#### [PROBLEM]
Every line from the one containing "Go back to your" to the one containing "To merge the" in the records below, both included, must be set down exactly, and no other line.

#### [GIVEN INFORMATION]
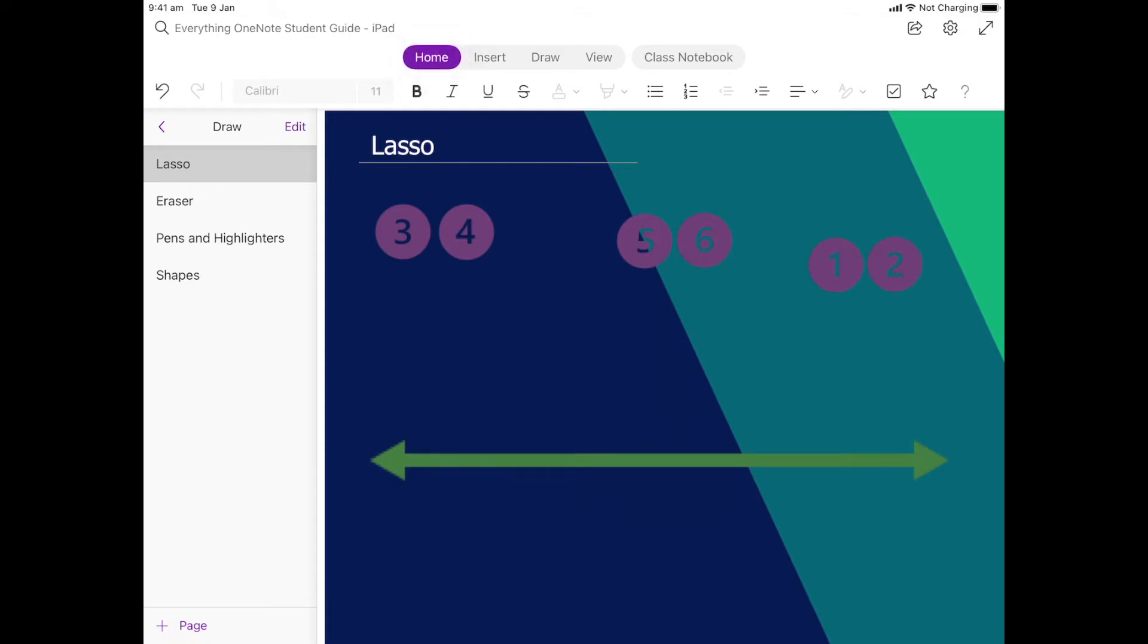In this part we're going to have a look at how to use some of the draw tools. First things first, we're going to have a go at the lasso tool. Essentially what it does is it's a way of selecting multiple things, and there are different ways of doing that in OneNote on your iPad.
* * *
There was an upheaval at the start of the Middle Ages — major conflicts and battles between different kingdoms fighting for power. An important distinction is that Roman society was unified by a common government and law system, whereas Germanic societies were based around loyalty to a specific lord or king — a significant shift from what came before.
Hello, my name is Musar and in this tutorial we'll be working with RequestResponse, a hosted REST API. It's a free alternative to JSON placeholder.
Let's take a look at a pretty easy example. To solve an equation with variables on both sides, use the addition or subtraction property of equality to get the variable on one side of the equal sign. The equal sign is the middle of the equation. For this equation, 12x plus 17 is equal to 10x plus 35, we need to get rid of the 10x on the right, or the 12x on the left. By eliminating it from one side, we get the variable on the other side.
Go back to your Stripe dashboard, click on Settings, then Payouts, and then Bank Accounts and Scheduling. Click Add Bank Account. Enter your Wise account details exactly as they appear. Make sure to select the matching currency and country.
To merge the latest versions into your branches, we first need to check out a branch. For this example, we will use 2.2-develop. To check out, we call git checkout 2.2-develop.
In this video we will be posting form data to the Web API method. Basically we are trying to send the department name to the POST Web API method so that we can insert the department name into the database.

#### [TASK RESPONSE]
Go back to your Stripe dashboard, click on Settings, then Payouts, and then Bank Accounts and Scheduling. Click Add Bank Account. Enter your Wise account details exactly as they appear. Make sure to select the matching currency and country.
To merge the latest versions into your branches, we first need to check out a branch. For this example, we will use 2.2-develop. To check out, we call git checkout 2.2-develop.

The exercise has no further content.